I am running a lightly customized NATS super cluster. It’s great with NATS pub/sub. Jetstream persistence has a problem when instances go down and come back up. The current naming scheme is based on
FLY_ALLOC_ID. As instances go down and come back up, they have a different name but NATS jetstream looks for the prior machine names to resync.
I haven’t used Terraform and it seems like overkill when what I really want, at this stage, is a registry to pull names from.
For now I think my simplest manual option is to use 1 node per region with nearby regions to form clusters, and manually set the cluster configuration.

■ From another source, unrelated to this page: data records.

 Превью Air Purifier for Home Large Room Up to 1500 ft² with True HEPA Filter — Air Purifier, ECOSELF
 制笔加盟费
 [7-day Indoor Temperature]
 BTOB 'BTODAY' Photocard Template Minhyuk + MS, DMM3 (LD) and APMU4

Or perhaps something simple like Ben Johnson’s scale to zero machine example. Ben Johnson: Scale to Zero with Fly.io Machines
TXT nslookup on
vms.<appname>.internal should get you a csv of
alloc-ids assigned to
<appname> (docs). Though, it may not always be current, it mostly should converge eventually to whatever’s the current state of the world.

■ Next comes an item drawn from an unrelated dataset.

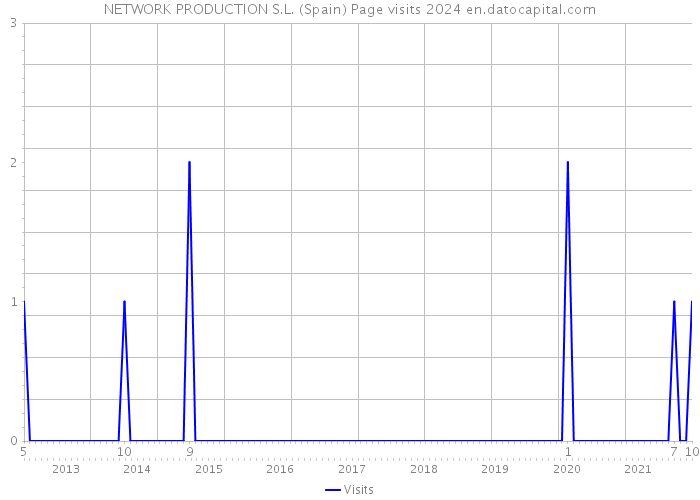NETWORK PRODUCTION S.L. (Spain) Page visits 2024 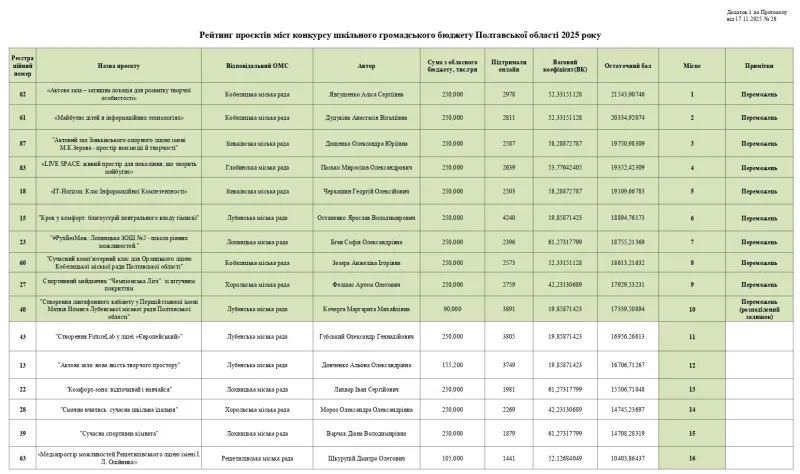 На Полтавщині визначили переможців Шкільного громадського бюджету 2025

Btw, one can assign volumes to VMs to make the
alloc-ids stick across restarts / deploys, but it is a rather expensive way to do so. And: Machine VMs tend to be fixed on a single IPv6 (not sure about
alloc-id, though). More here: Fly-Instance-Id header alternative for websockets - #2 by ignoramous
Thanks much! I’ll take a look there.
@ignoramous is there any documentation about the sticky
alloc-ids? That would work for me as these do have volumes assigned already. That would make things much easier. Might make it easier for their system as well.
Using volumes to make
alloc-ids stick was called anchor scaling (can search for it in the forums as the docs are gone). I believe, in favour of Machines, which are kind of assigned sticky
alloc-ids (I can’t say if it is incidental or an actual feature).
Thanks for that @ignoramous. I see Is it possible to make scaling more deterministic? but will ping support on current and future options.
@ignoramous Anchor scaling is still the way to go.
@kurt It turns out NATS Jetstream requires a consistent
server_name. So booting up I check or set a
server_name file on the volume, use that for the property, and .
What I don’t see yet is a true rolling deploy with the persisted volumes. With 9 nodes on 3 regions it began to stop 5, including all 3 of one region. I’ll start a new issue for that one.